[Data entries]
== == ==
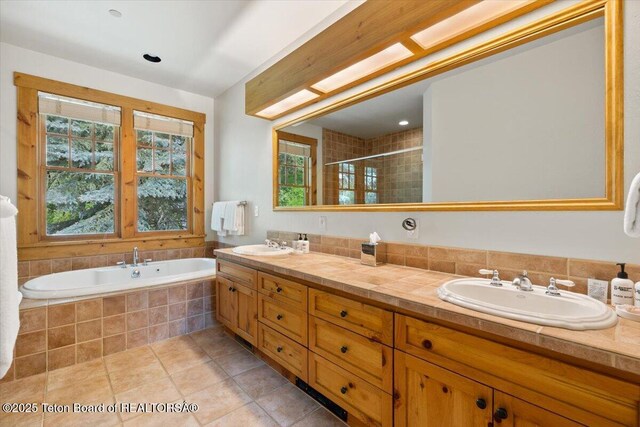 3102 W Arrowhead Rd, Teton Village, WY 83025 - bathroom with double vanity, tile patterned floors, a bath, and a shower stall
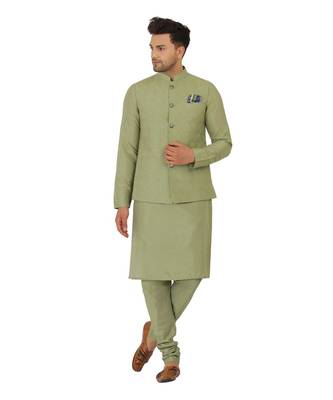 Nehru jacket in cotton silk base. It is paired with a matching kurta and a churidar pyjama. 1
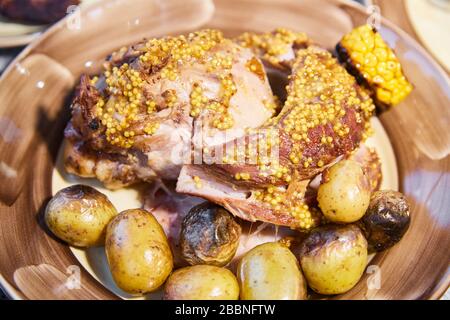 Das große Stück des gegrillten, gedämpften Schweinefleisches mit Senfsauce liegt auf einem Teller mit Kartoffeln und Mais, saftigem Fleisch Stockfoto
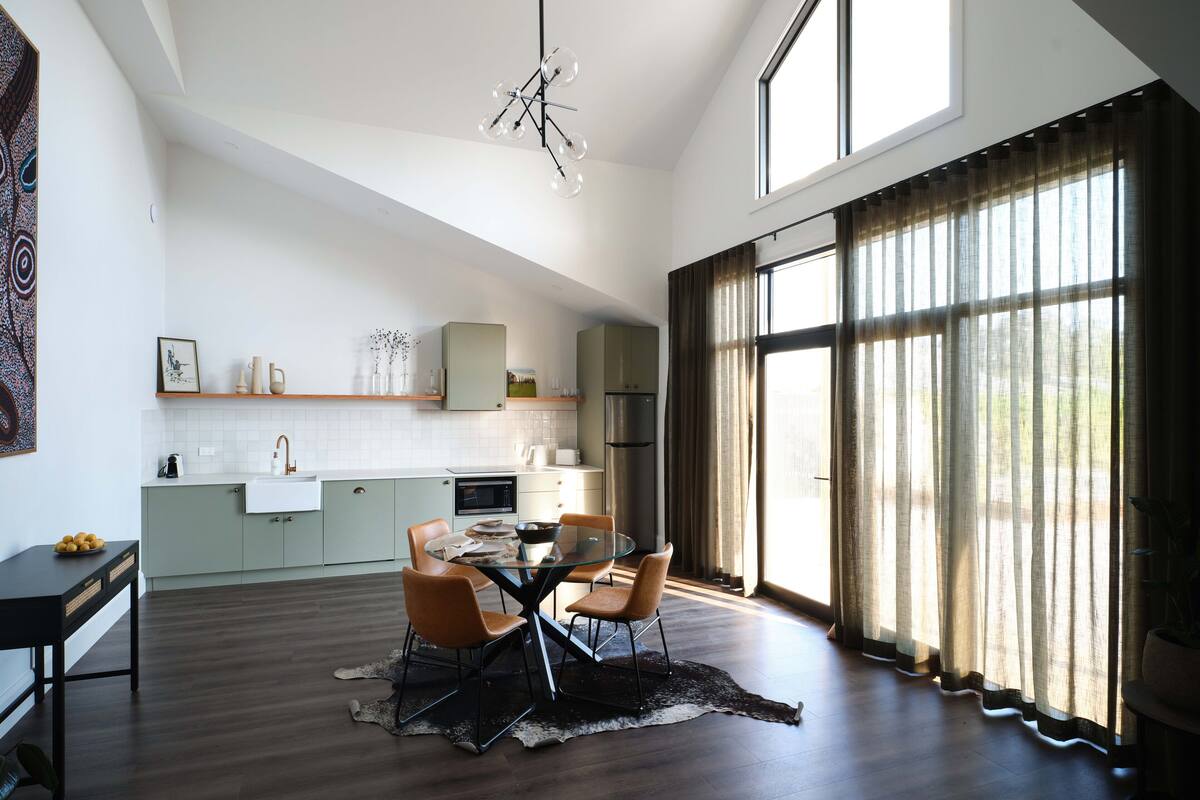 A modern kitchen with a dining area, large windows, and a unique ceiling light fixture.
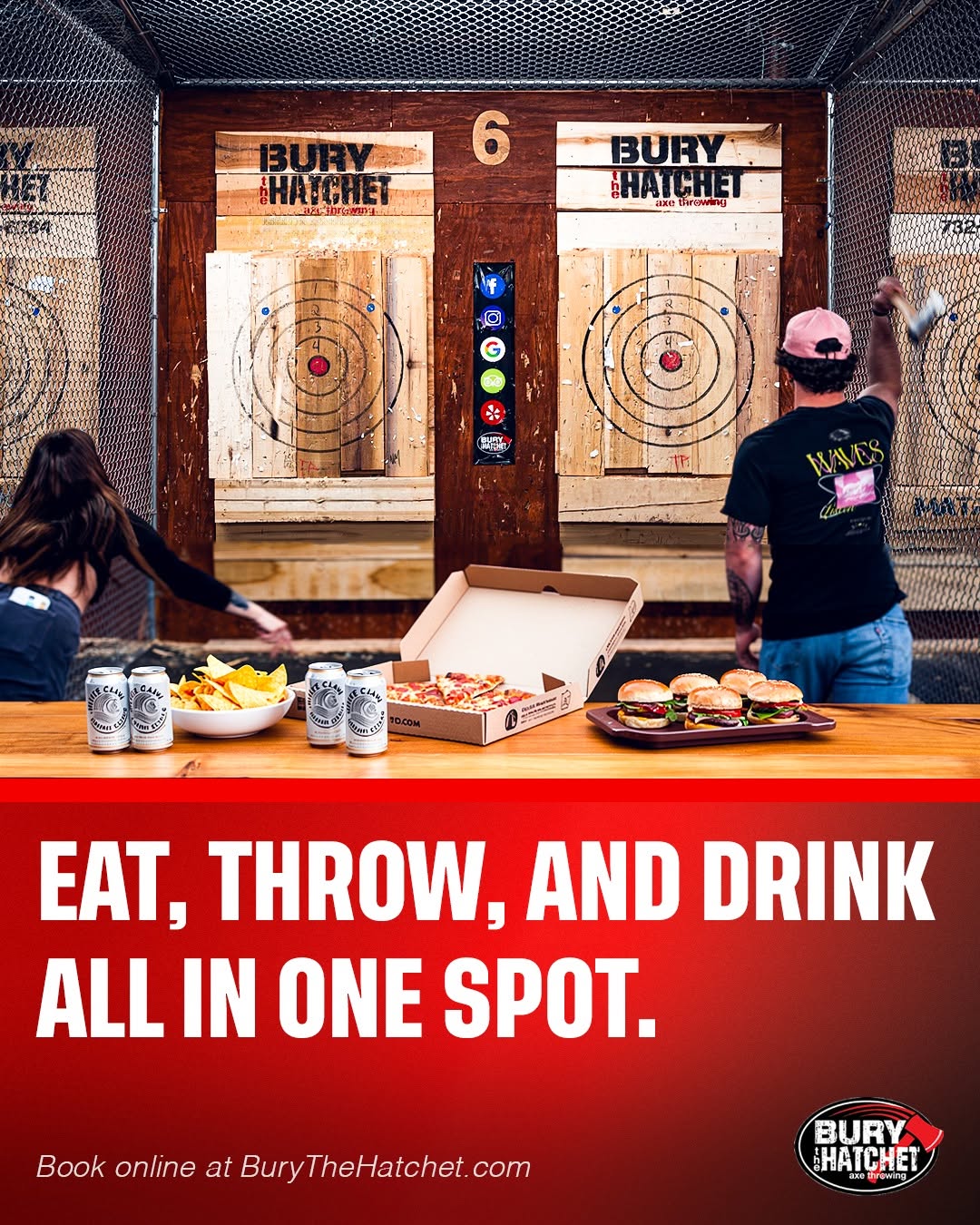 Indoor axe-throwing area with two targets, people preparing to throw axes, and food on a table, with a red banner promoting eating, throwing, and drinking.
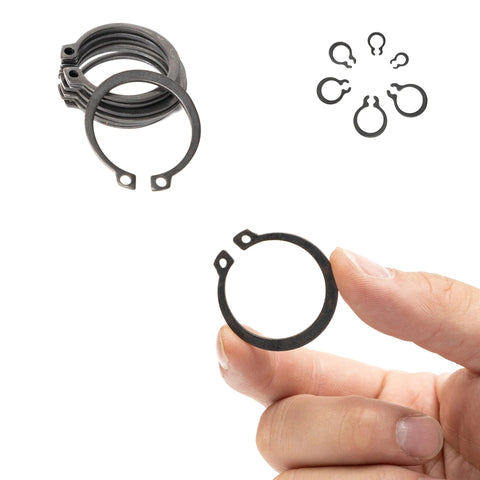 Close-up of hand holding Ultimate Snap Ring Shop Assortment Kit retaining ring, with scattered rings in background, Neiko 50458A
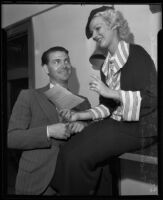 Actor John Quillan smiles at his soon-to-be wife, actress Anita Thompson who holds their marriage license, Los Angeles, 1935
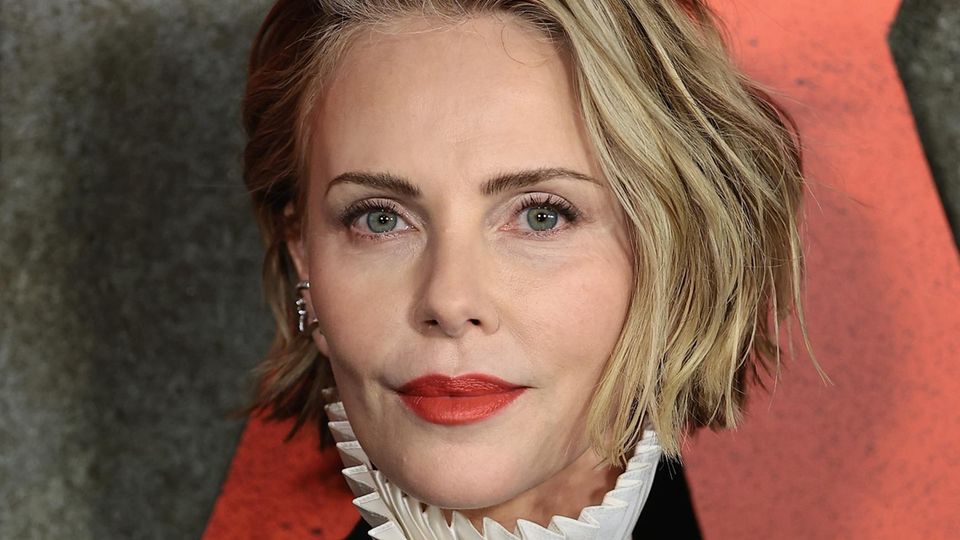Charlize Theron trägt einen tiefen Seitenscheitel und ihre Haare in wilden Beachwaves. 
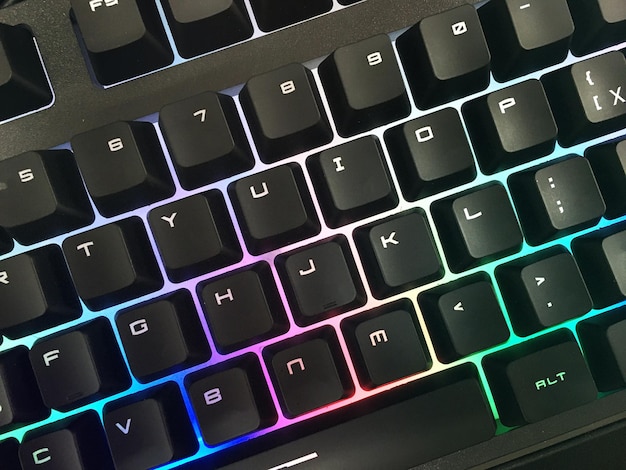 Modern gaming keyboard with bright backlit keys on the table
== == ==
*Work task*: In the entries above, find the line that contains "Close-up of hand", then repeat exactly every line from the first one through that line, with no pictures.

*Expected answer*:
 3102 W Arrowhead Rd, Teton Village, WY 83025 - bathroom with double vanity, tile patterned floors, a bath, and a shower stall
 Nehru jacket in cotton silk base. It is paired with a matching kurta and a churidar pyjama. 1
 Das große Stück des gegrillten, gedämpften Schweinefleisches mit Senfsauce liegt auf einem Teller mit Kartoffeln und Mais, saftigem Fleisch Stockfoto
 A modern kitchen with a dining area, large windows, and a unique ceiling light fixture.
 Indoor axe-throwing area with two targets, people preparing to throw axes, and food on a table, with a red banner promoting eating, throwing, and drinking.
 Close-up of hand holding Ultimate Snap Ring Shop Assortment Kit retaining ring, with scattered rings in background, Neiko 50458A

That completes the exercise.